Nowadays it’s hard to imagine a world without ATMs. Not only do they give your customers ready access to their money and accounts without a teller, but they provide wholesale exchange rate for international clientele.
But the first ATM model—a mechanical device developed by Luther George Simjian, installed in 1939 by the City Bank of New York in NYC —was taken out after six months, due to the lack of customer acceptance.
Then in 1967, Barclays Bank installed the first electronic ATM in North London—and the idea began to catch on. It didn’t use magnetic-stripe cards though: Customers were issued paper vouchers that they fed into the machine, and didn’t get back.
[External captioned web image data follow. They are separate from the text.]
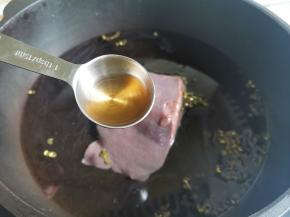 一勺葱姜料酒，煮10分钟至熟捞出过一遍凉开水，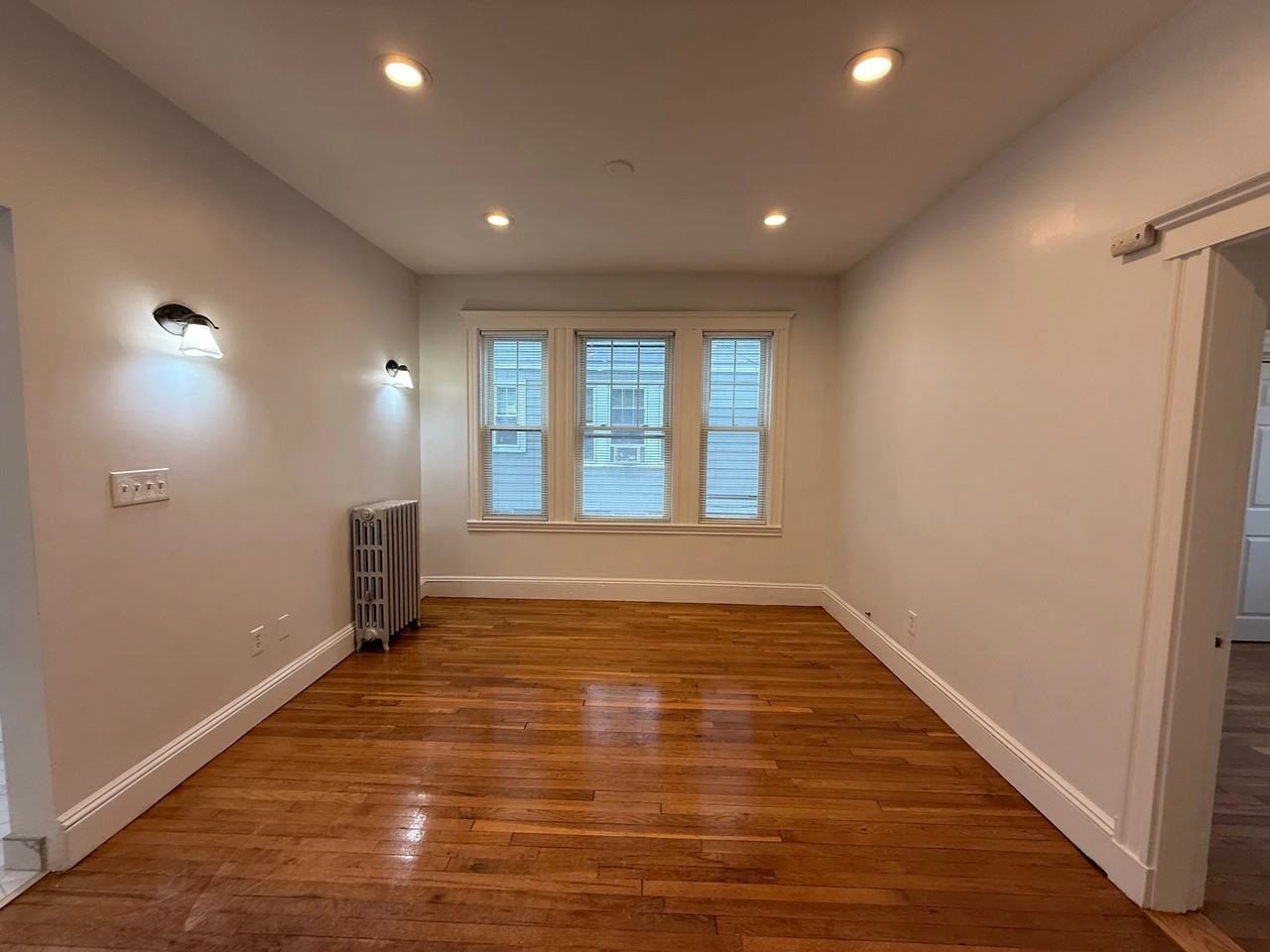 202 Baker St #1 - Photo 3 of 13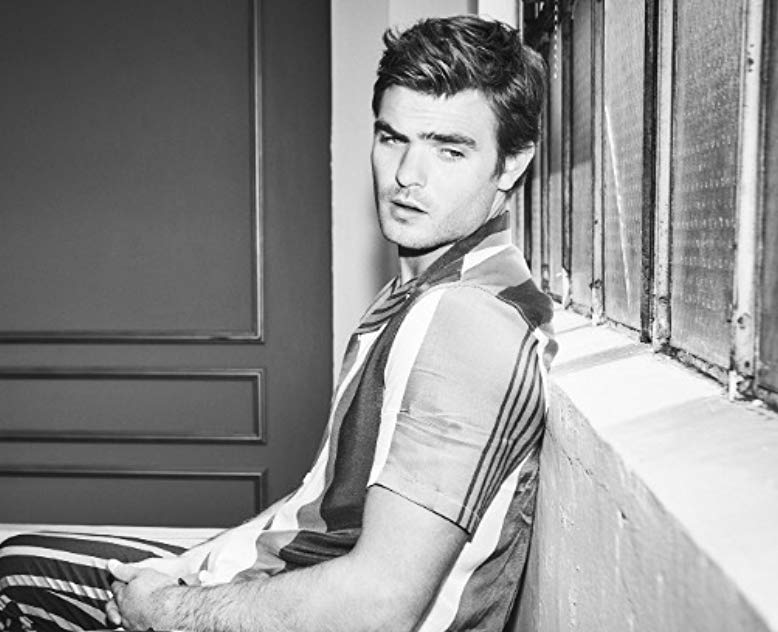 Alex Roe Alex Roe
The electronic ATM invention is credited to John Shepherd-Barron, developed by the De La Rue Company Limited—and was launched by the British variety artist and actor Reg Varney, who posed for a photo op using one. [[PHOTO?]]
The idea of a PIN stored on the card was developed by the British engineer James Goodfellow, but Shepherd-Barron is credited with standardizing PINS as having four digits—because supposedly that was the maximum number of digits his wife could remember!
The first ATM that accepted a magnetic strip was pioneered by Donald Wetzel, a former minor league baseball player and IBM salesman who was then working at an automated baggage-handling company called Docutel. The first modern, magnetic stripe card-based ATM was deployed by Chemical Bank in Rockville Centre, NY in 1969. It was built into the wall and was a cash dispenser only; it wasn’t until 1971 that an ATM capable of performing all the functions of today’s “total teller” was created. Second generation ATMs, which offered more advanced transactions such as deposit acceptance, were slowly deployed across the United States, Europe, and Japan throughout the 1970s.
Wetzel, who eventually left Docutel to start his own company that sold banking equipment, also pioneered the networked ATM. In 1995 the Smithsonian’s National Museum of American History recognized Docutel and Wetzel as the inventors of the networked ATM—and today over a million units are linked together across the globe.
Here’s some more interesting tidbits:
The world’s most northerly installed ATM is located at Longyearbyen, Svalbard, Norway.
The world’s most southerly installed ATM is located at McMurdo Station, Antarctica.
While India claims to have the world’s highest installed ATM (4310 meters) at Nathu La Pass, India—near the Union Bank of India—there are higher ATMs installed in Nagchu County, Tibet (4500 meters) by Agricultural Bank of China.
While ATMs are ubiquitous on modern cruise ships, ATMs can also be found on some U.S. Navy ships.
An ATM is also known as:
— ABM (automated banking machine)
—Bank machine (in Australia and Canada)
—Bancomat (Central Europe, Eastern Europe, Italy, Switzerland)
—Cashpoint (New Zealand, Britain, named after the Lloyds Bank ATM brand)
—Hole-in-the-wall (British slang)
—MAC (brand name, also standing for Money Access Center, in eastern parts of the United States)
—Cashline (in Scotland, a generic term for an ATM based on the Royal Bank of Scotland brand).
— Banklink (in the Republic of Ireland, after the Allied Irish Bank brand of machines)
And in India, ATM stands for “Any Time Money.” You can say that again.